Was wird nur aus dem Tunnel Adenauerallee? Jetzt wieder gesperrt.

Wie kaputt ist eigentlich der Tunnel unter der Trierer Straße, der die Adenauerallee und den Madrider Ring verbindet? Darüber sind sich die Fachleute seit etwa 10 Jahren nicht einig. Noch viel weniger einig sind sie sich darüber, wer einen eventuellen Neubau bezahlen muss: die Stadt Aachen oder der Landesbetrieb Straßenbau, beide kommen wohl infrage.

Jetzt ist der Tunnel – 1977 in Betrieb genommen – mal wieder gesperrt. Bis Donnerstag, 7. August, wird das Bauwerk nach Schäden abgesucht. Anfang des Jahres gab es ebenfalls schon kein Durchkommen mehr. Da wurden 100.000 bis 120.000 Wandfliesen abgeschlagen bevor sie von allein auf die Autos knallten.

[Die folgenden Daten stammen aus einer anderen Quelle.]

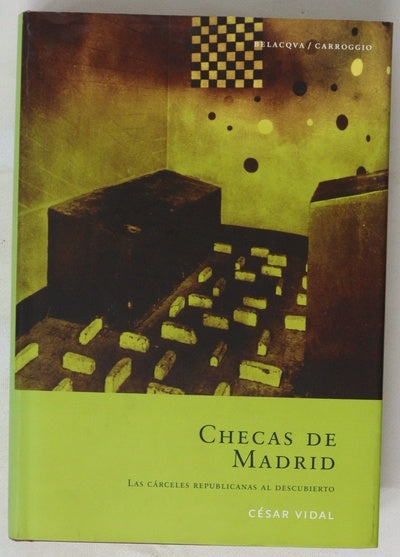Checas de Madrid las cárceles republicanas al descubierto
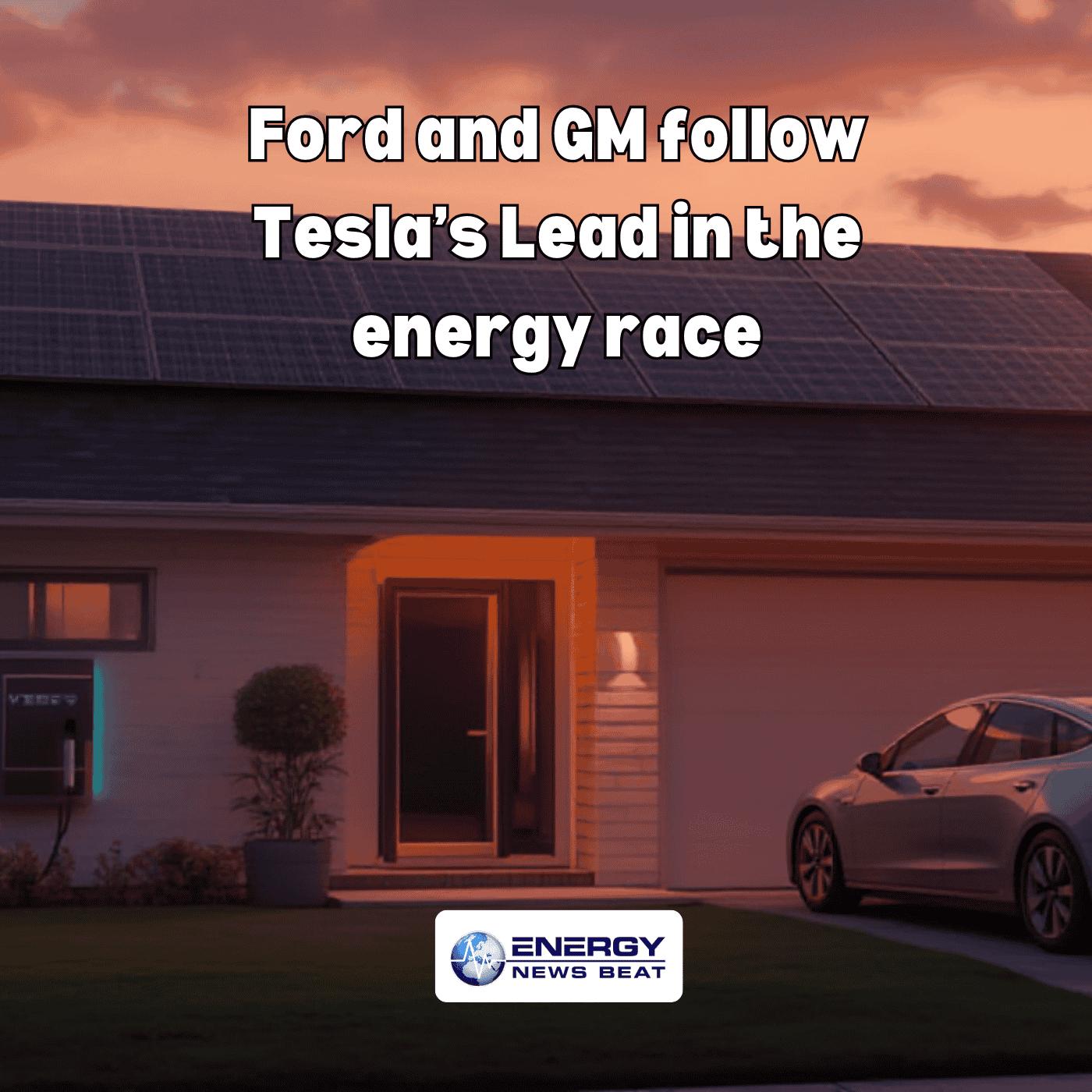 Ford and GM Follow Tesla's Lead in the Home Energy Storage Race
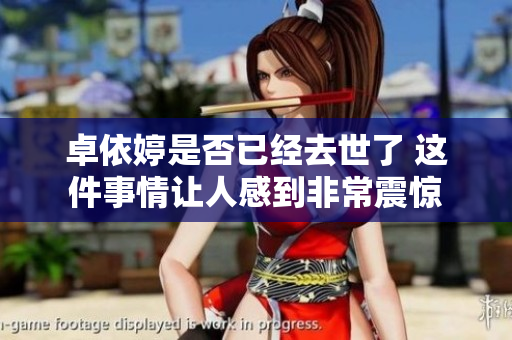 卓依婷是否已经去世了 这件事情让人感到非常震惊
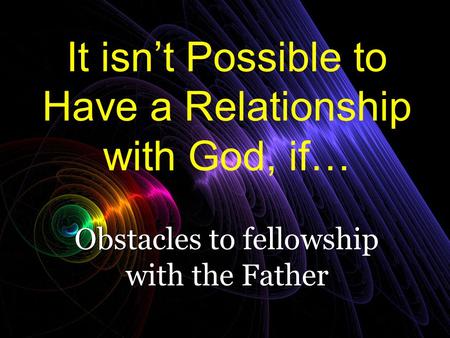It isn’t Possible to Have a Relationship with God, if…
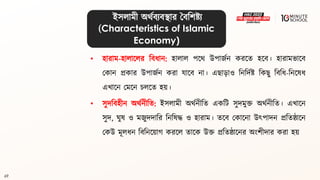 69
• হারাম-হালাললর বিধ্ান: হালাল পলর্ উপাজথন করলি হলি। হারামভালি
মকান প্রকার উপাজথন করা যালি না। এো়োও বনবদথষ্ট্ বকেু বিবধ্-বনলেধ্
এখালন মমলন চললি হয়।
• সুদবিহীন অর্থনীবি: ইসলামী অর্থনীবি একবি সুদমুি অর্থনীবি। এখালন
সুদ, ঘুে ও মজুদদাবর বনবেদ্ধ ও হারাম। িলি মকালনা উৎপাদন প্রবিষ্ঠালন
মকউ মূলধ্ন বিবনলয়াগ্ করলল িালক উি প্রবিষ্ঠালনর অংশীদার করা হয়
ইসলামী অর্থিযিিার বিবশষ্ট্য
(Characteristics of Islamic
Economy)
 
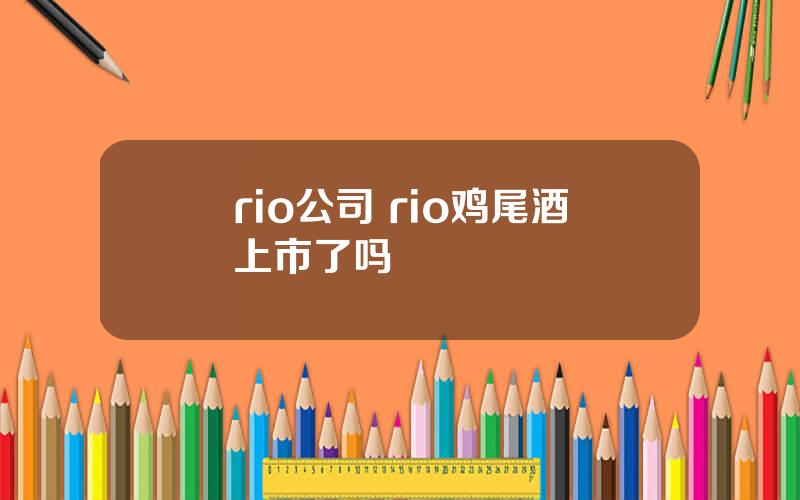 rio公司 rio鸡尾酒上市了吗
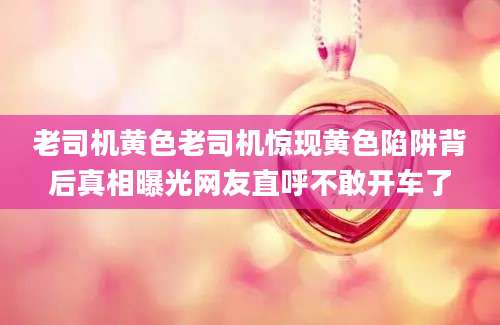 老司机黄色老司机惊现黄色陷阱背后真相曝光网友直呼不敢开车了
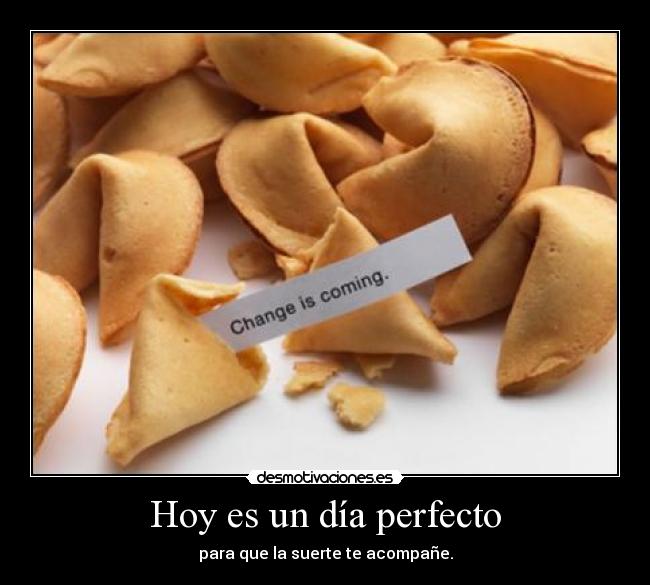 Hoy es un día perfecto - para que la suerte te acompañe.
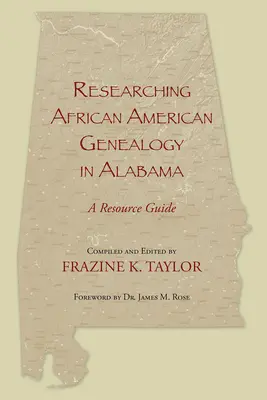 Ricerca della genealogia afroamericana in Alabama - Researching African American Genealogy in Alabama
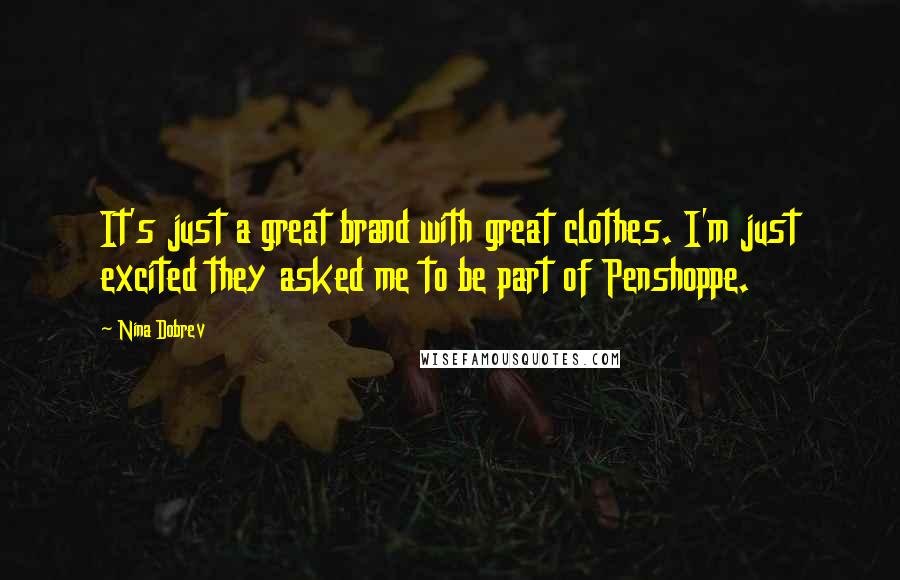 Nina Dobrev Quotes: It's just a great brand with great clothes. I'm just excited they asked me to be part of Penshoppe.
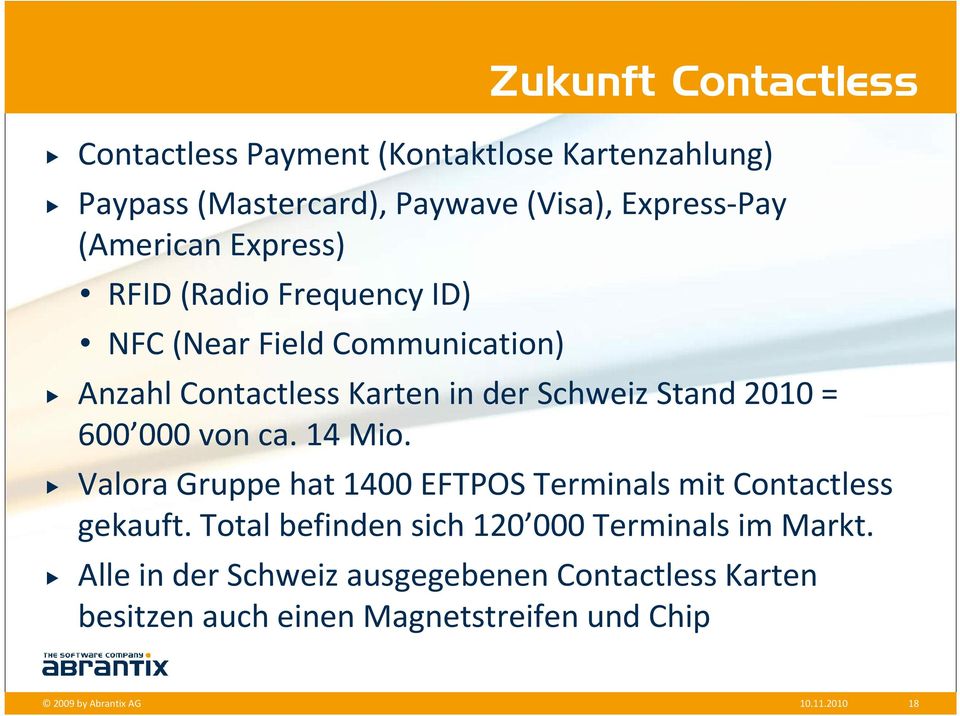 von ca. 14 Mio. Valora Gruppe hat 1400 EFTPOS Terminals mit Contactless gekauft. Total befinden sich 120 000 Terminals im Markt.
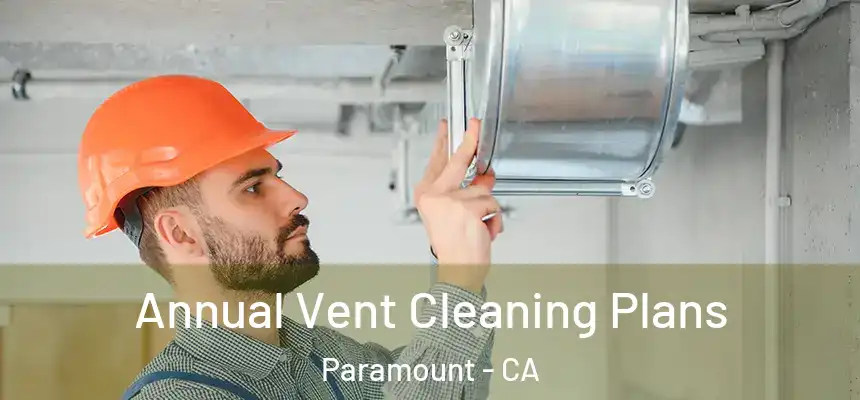  Annual Vent Cleaning Plans Paramount - CA
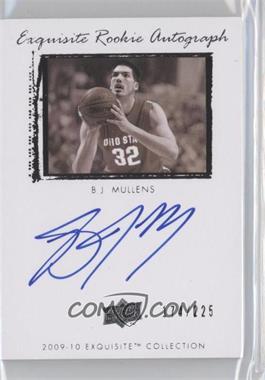 2009-10 Exquisite Collection - [Base] #78 - Exquisite Rookie Autograph - B.J. Mullens /225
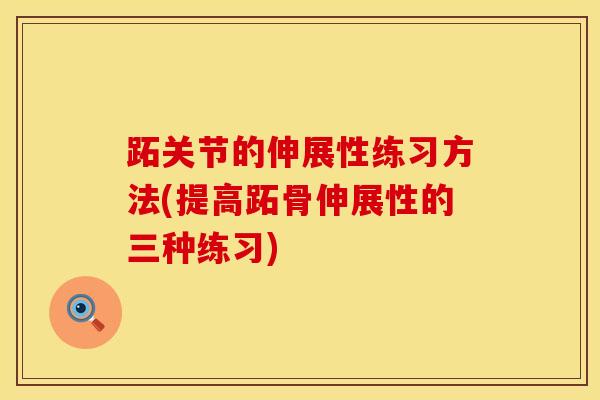 跖关节的伸展性练习方法(提高跖骨伸展性的三种练习)-第1张图片-氨糖科普网 跖关节的伸展性练习方法(提高跖骨伸展性的三种练习)-第1张图片-氨糖科普网
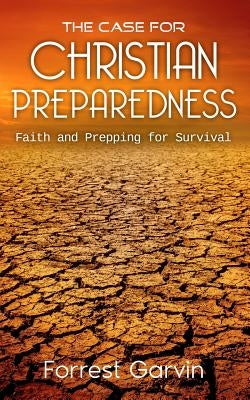 The Case for Christian Preparedness - Faith and Prepping for Survival Paperback Independently Published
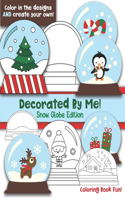 Decorated By Me! Snow Globe Edition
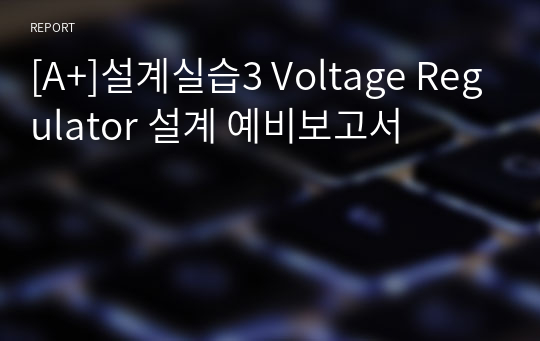 [A+]설계실습3 Voltage Regulator 설계 예비보고서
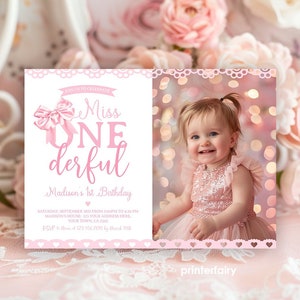 May include: Pink and white birthday invitation with a photo of a baby girl in a pink dress. The invitation says "Join us to celebrate Miss One Derful, Madison's 1st Birthday".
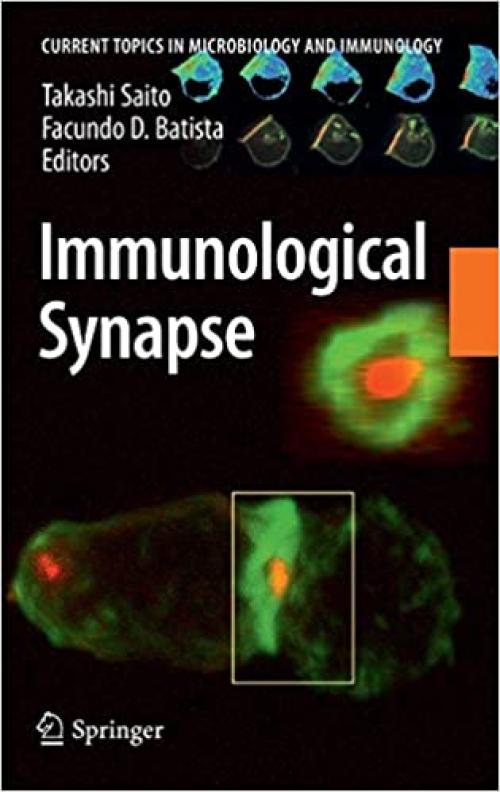  Immunological Synapse (Current Topics in Microbiology and Immunology (340)) 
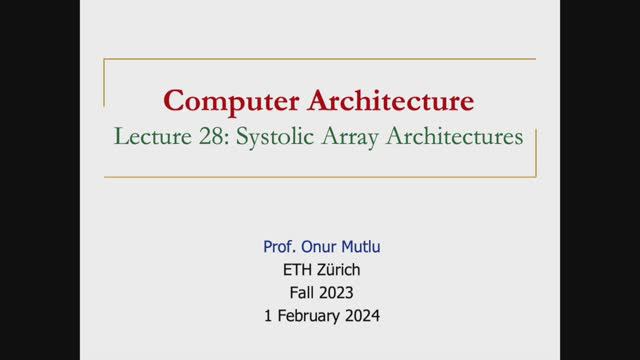 Computer Architecture - Lecture 28: Systolic Array Architectures (Fall 2023) смотреть онлайн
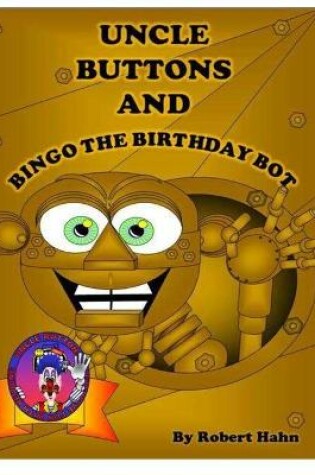 Cover of Bingo the Birthday Bot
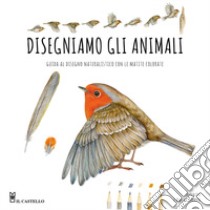 Disegniamo gli animali. Guida al disegno naturalistico con le matite colorate. Ediz. a colori libro di Durante Annalisa; Durante Marina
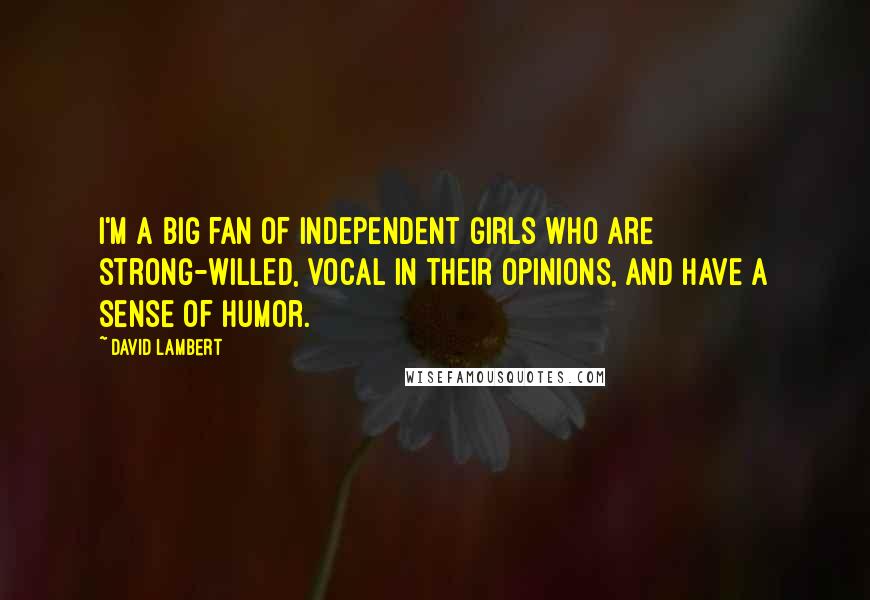 David Lambert Quotes: I'm a big fan of independent girls who are strong-willed, vocal in their opinions, and have a sense of humor.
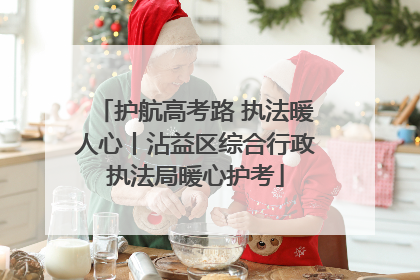 护航高考路 执法暖人心丨沾益区综合行政执法局暖心护考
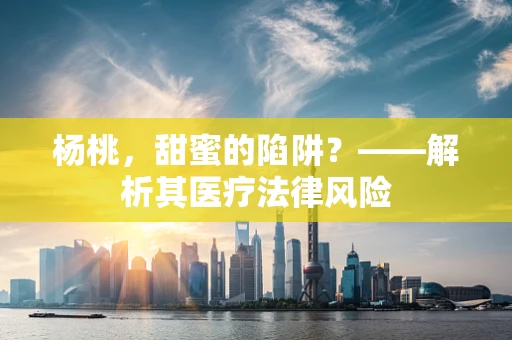 杨桃，甜蜜的陷阱？——解析其医疗法律风险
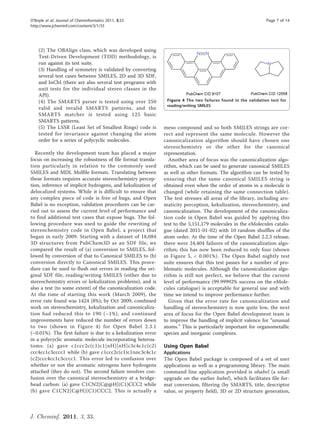 O’Boyle et al. Journal of Cheminformatics 2011, 3:33                                                          Page 7 of 14
http://www.jcheminf.com/content/3/1/33




    (2) The OBAlign class, which was developed using
    Test-Driven Development (TDD) methodology, is
    run against its test suite.
    (3) Handling of symmetry is validated by converting
    several test cases between SMILES, 2D and 3D SDF,
    and InChI (there are also several test programs with
    unit tests for the individual stereo classes in the
    API).
    (4) The SMARTS parser is tested using over 250            Figure 4 The two failures found in the validation test for
                                                              reading/writing SMILES.
    valid and invalid SMARTS patterns, and the
    SMARTS matcher is tested using 125 basic
    SMARTS patterns.
    (5) The LSSR (Least Set of Smallest Rings) code is       meso compound and so both SMILES strings are cor-
    tested for invariance against changing the atom          rect and represent the same molecule. However the
    order for a series of polycyclic molecules.              canonicalization algorithm should have chosen one
                                                             stereochemistry or the other for the canonical
  Recently the development team has placed a major           representation.
focus on increasing the robustness of file format transla-      Another area of focus was the canonicalization algo-
tion particularly in relation to the commonly used           rithm, which can be used to generate canonical SMILES
SMILES and MDL Molfile formats. Translating between          as well as other formats. The algorithm can be tested by
these formats requires accurate stereochemistry percep-      ensuring that the same canonical SMILES string is
tion, inference of implicit hydrogens, and kekulization of   obtained even when the order of atoms in a molecule is
delocalized systems. While it is difficult to ensure that    changed (while retaining the same connection table).
any complex piece of code is free of bugs, and Open          The test stresses all areas of the library, including aro-
Babel is no exception, validation procedures can be car-     maticity perception, kekulization, stereochemistry, and
ried out to assess the current level of performance and      canonicalization. The development of the canonicaliza-
to find additional test cases that expose bugs. The fol-     tion code in Open Babel was guided by applying this
lowing procedure was used to guide the rewriting of          test to the 5,151,179 molecules in the eMolecules catalo-
stereochemistry code in Open Babel, a project that           gue (dated 2011-01-02) with 10 random shuffles of the
began in early 2009. Starting with a dataset of 18,084       atom order. At the time of the Open Babel 2.2.3 release,
3D structures from PubChem3D as an SDF file, we              there were 24,404 failures of the canonicalization algo-
compared the result of (a) conversion to SMILES, fol-        rithm; this has now been reduced to only four (shown
lowed by conversion of that to Canonical SMILES to (b)       in Figure 5, < 0.001%). The Open Babel nightly test
conversion directly to Canonical SMILES. This proce-         suite ensures that this test passes for a number of pro-
dure can be used to flush out errors in reading the ori-     blematic molecules. Although the canonicalization algo-
ginal SDF file, reading/writing SMILES (either due to        rithm is still not perfect, we believe that the current
stereochemistry errors or kekulization problems), and is     level of performance (99.99992% success on the eMole-
also a test (to some extent) of the canonicalization code.   cules catalogue) is acceptable for general use and with
At the time of starting this work (March 2009), the          time we intend to improve performance further.
error rate found was 1424 (8%); by Oct 2009, combined           Given that the error rate for canonicalization and
work on stereochemistry, kekulization and canonicaliza-      handling of stereochemistry is now quite low, the next
tion had reduced this to 190 (~1%), and continued            area of focus for the Open Babel development team is
improvements have reduced the number of errors down          to improve the handling of implicit valence for “unusual
to two (shown in Figure 4) for Open Babel 2.3.1              atoms.” This is particularly important for organometallic
(~0.01%). The first failure is due to a kekulization error   species and inorganic complexes.
in a polycyclic aromatic molecule incorporating heteroa-
toms: (a) gave c1ccc2c(c1)c1[nH][nH]c3c4c1c(c2)              Using Open Babel
ccc4cc1c3cccc1 while (b) gave c1ccc2c(c1)c1nnc3c4c1c         Applications
(c2)ccc4cc1c3cccc1. This error led to confusion over         The Open Babel package is composed of a set of user
whether or not the aromatic nitrogens have hydrogens         applications as well as a programming library. The main
attached (they do not). The second failure involves con-     command line application provided is obabel (a small
fusion over the canonical stereochemistry at a bridge-       upgrade on the earlier babel), which facilitates file for-
head carbon: (a) gave C1CN2[C@@H](C1)CCC2 while              mat conversion, filtering (by SMARTS, title, descriptor
(b) gave C1CN2[C@H](C1)CCC2. This is actually a              value, or property field), 3D or 2D structure generation,



J. Cheminf. 2011, 3, 33.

Eine Riesenmängelliste gab es vor etwa 10 Jahren, doch der Tunnel wurde nicht dauerhaft gesperrt. Foto: AachenNews Archiv

Vom Dach tropft Wasser und hinter den Kacheln soll es Hohlräume geben. Der Forster Tunnel ist bestimmt der sonderbarste Tunnel von ganz NRW: Mal ist er nicht mehr zu gebrauchen, mal dürfen wieder munter pro Tag 16.000 Pkw durchfahren.

Ein weiterer Tunnel fällt ins Auge, der aus der gleichen Zeitepoche stammen dürfte. Er befindet sich im Zentrum, und nicht Pkw und Lkw sollten ihn passieren, sondern Fußgänger*innen. Sie sollten die Straße für Autos freimachen und mussten unter die Erde. Das fand man eine gute Idee. Diesen Tunnel hat man allerdings bereits seiner Funktion enthoben, der Zugang sieht heruntergekommen aus.

Die Unterführung in Nähe des Bushofs. Teils beschwerlich Treppe rauf, Treppe runter (mit Kinderwagen) ging es für die Fußgänger*innen, damit die Autos oben viel Platz hatten. Vorne rechts sieht man noch, was Behinderten im Rollstuhl zugemutet wurde. Sie sollten da die Rampe runterfahren.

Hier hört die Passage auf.